There does seem to be a limit on the number of custom factors supported by Pipeline. However, I just realized that one can have multiple Pipelines. I haven't tried it yet, but maybe this is a work-around? I think this would mean doing the final combination outside of Pipeline.

I broke up the 40 factors into two separate pipelines to get the attached algo to run. Presumably the same trick works in a research notebook.

This would seem to be a silly limitation, but maybe there is a reason for it?

Grant, thanks for taking a stab at it and bringing up the idea to isolate pipelines for each set. I'm surprised at the cut off number of factors one can use in a single pipeline. Just two quick questions, does the 21 below represent the 1st set of custom factors and the last 21 factors? Also what does the "rng" mean?
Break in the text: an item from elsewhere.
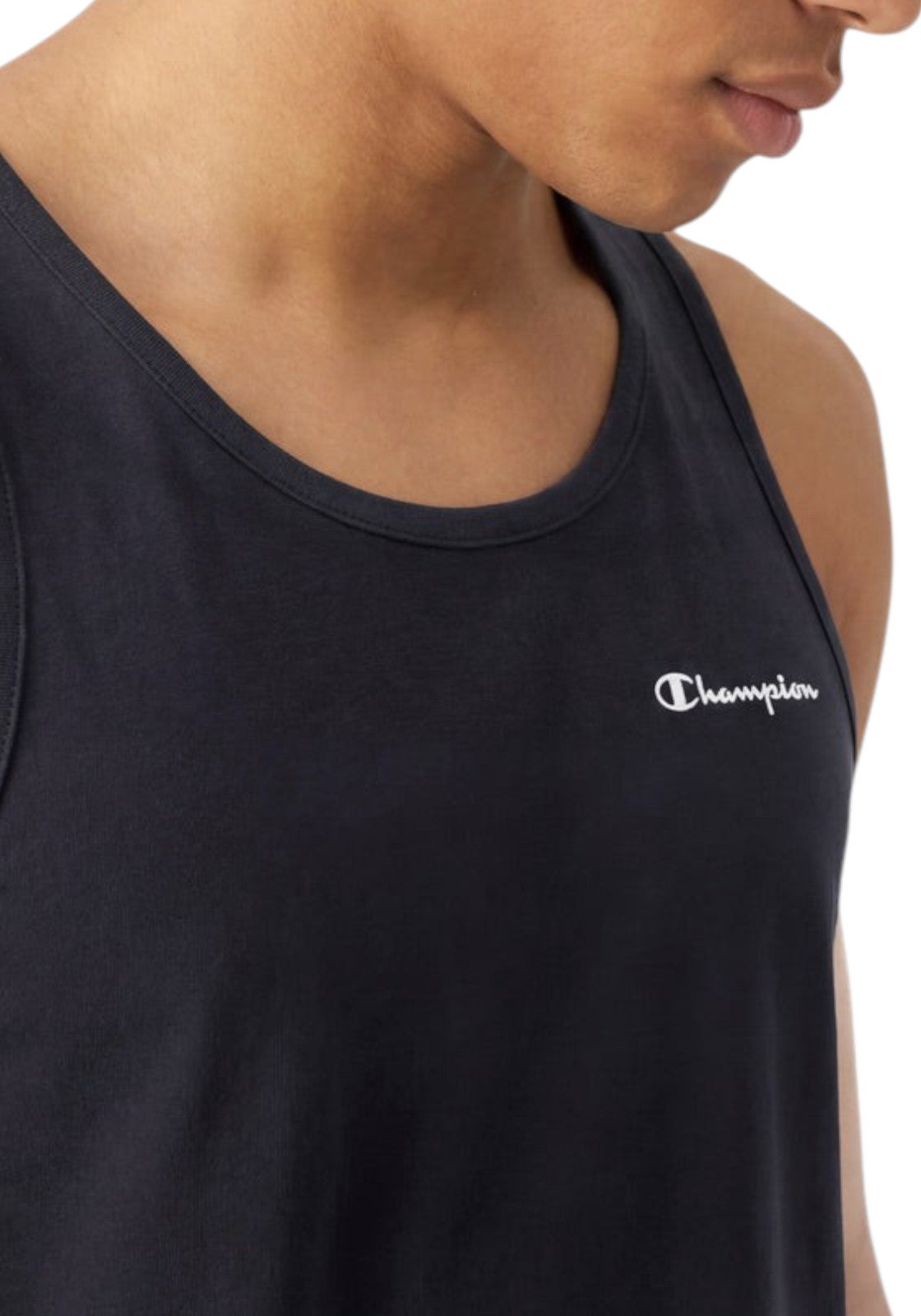 T-SHIRT E CANOTTE Nero Champion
factors = make_factors((0,21))
factors = make_factors((21,None))

As always I appreciate hearing/reading your work.

I'm calling make_factors with the rng tuple so that sub-sets of factors can be returned, rather than the entire set (via return factors[rng[0]:rng[1]]
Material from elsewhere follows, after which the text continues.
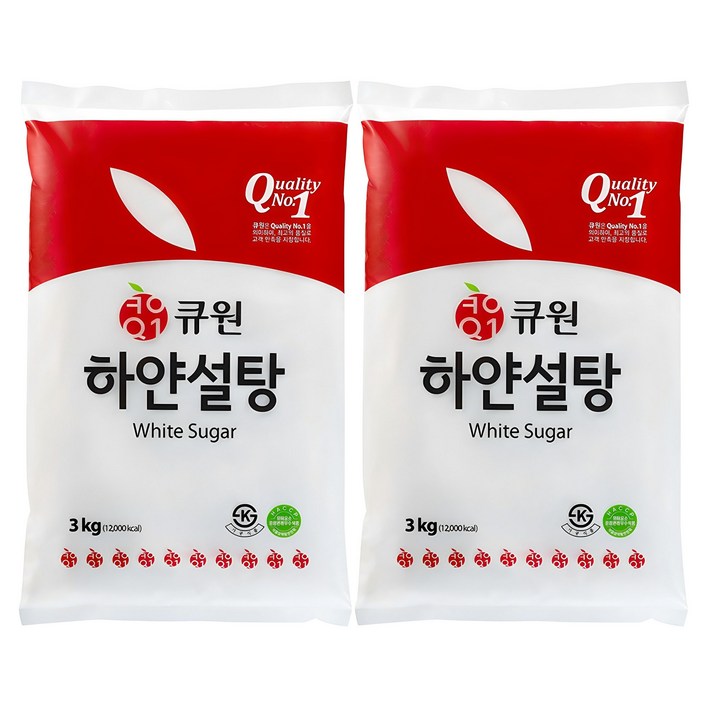 큐원 하얀 설탕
If I did everything correctly, the code should follow the normal slicing rules for Python lists:

https://www.pythoncentral.io/how-to-slice-listsarrays-and-tuples-in-python/

So, factors = make_factors((0,21)) should return up through the element with index 20 (indexing starts at zero, so 21 factors are returned). Then, factors = make_factors((21,None)) returns the remaining factors, starting with the element with index 21. The None indicates to go to the end of the list.

There's probably a more elegant way of doing this; I just provided a first-cut.